Tldr, you do need speed to test your motions as it is an acid test that the whole system is working. However you do need to be aware that the picking system is in fact linked to everything your right arm is doing. Your problem is probably something very trivial and outside the realm of what is explained fully by this site and I hope if you expand your analysis of your motion, you can find and fix this issue.
To keep it short, I completely agree with pretty much everything you’ve said, @Tbennettbristol, and I’ve been thinking the same way for quite a while now and applying those ideas to my own practice. The thing is that it’s simply not working. I’ve been at this (just practicing tremolo picking on one string on one fret) for about 7 years. Is the issue trivial? Possibly. But I can’t find it.
Sorry if you already have videos posted that I’m not referencing here, but based on what you are describing in the section above, it sounds like you’re probably putting a lot more pick on the string than necessary. That is, if you are noticing such a big a difference in picking when fret 1 is pressed versus fret 13, it probably means your pick attack is a lot deeper than it needs to be.
For those of us who have our fast motion figured out already, we can vary the pick depth quite a lot and maintain speed (certainly on a single note tremolo). At least that’s true for elbow and for forearm-wrist blend. But if you’re finding the resistance of the string to be an issue, I think one step to help you find a fast motion would be to, temporarily anyway, try using a much shallower pick attack. That reduces the feeling of resistance when picking and should make it feel more uniform re: fret 1 vs fret 13. In some of my tremolo experiments way back when, I was picking on one of the wound strings with a pick attack that didn’t even fully penetrate the midpoint of the string, the pick was only every so slightly grazing the string from one side, such that the resistance was barely any more than moving in the air.
For me, the closest way to approximate the “air only” resistance feeling is the use a shallow pick attack, a decent amount of “edge picking” (around 20 or 30 degrees), a rigid pick with a sharp tip (I like Jazz III XL).

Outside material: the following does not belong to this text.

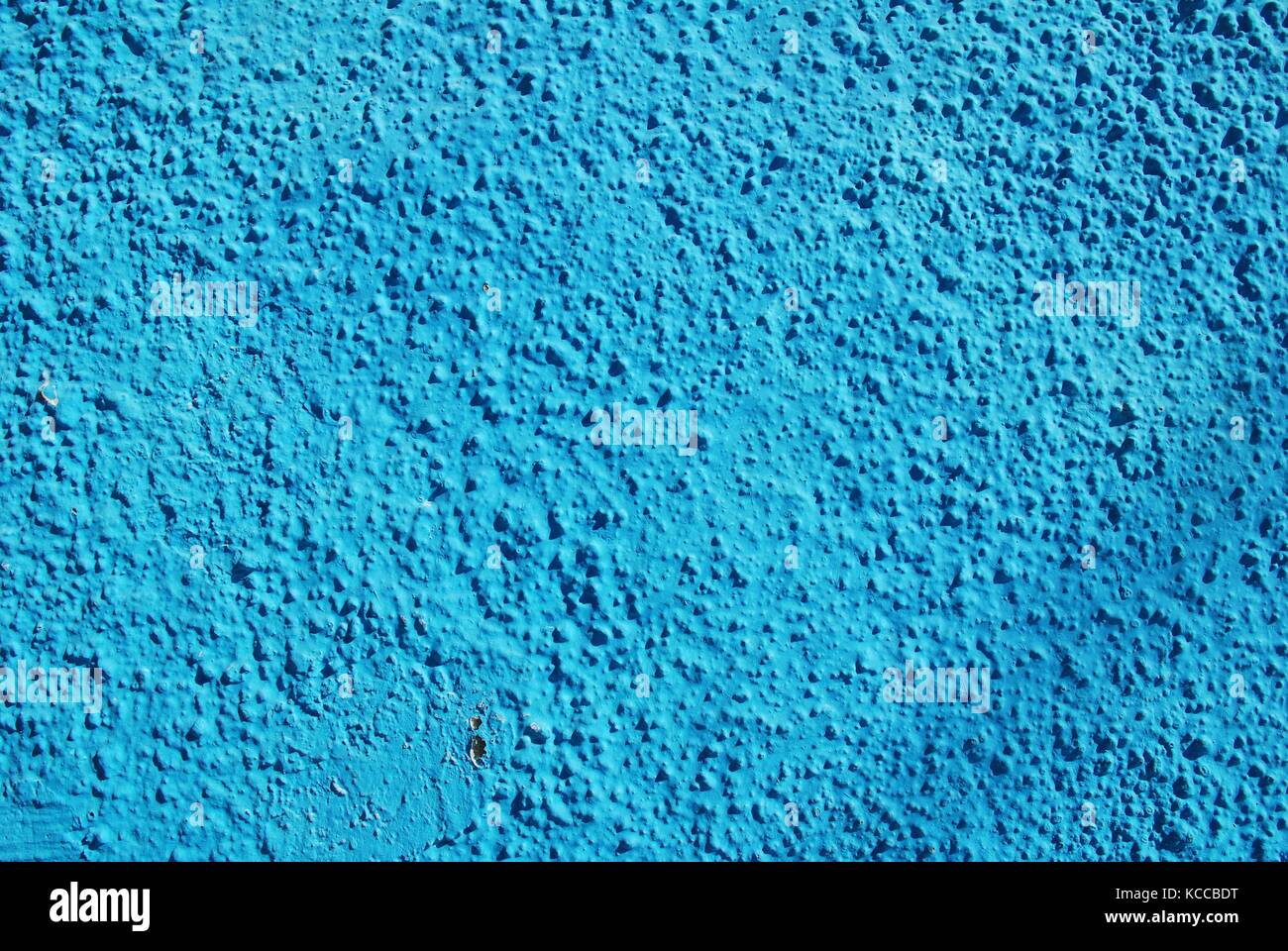 Background image of a blue painted wall of a building on the Greek island of Symi. Stock Photo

I also had fingers sliding along the guitar face to help me keep picking depth uniform. Now that I have a knack for tremolo picking, I can use pretty much any pick, and as much depth of pick attack as I would ever want (haven’t experimented with deeper than about 5mm for fast picking).
One thing that might be messing with you, especially if you are focused on trying to use a wrist-only motion, is the way the resistance of the string can change the trajectory of your motion. This is one of the reasons I think tremolo is easier to “get” with elbow or with wrist-forearm rather than wrist alone. I think elbow and wrist-forearm are more resilient against the “normal force” deflection that the pick experiences as it displaces the string.
@Frylock would you mind sharing some pics of your shallow pick depth? Maybe your view looking Down and a magnets view. When you watch Troy Grady’s videos he’s got a lot of pics sticking out of his fingers.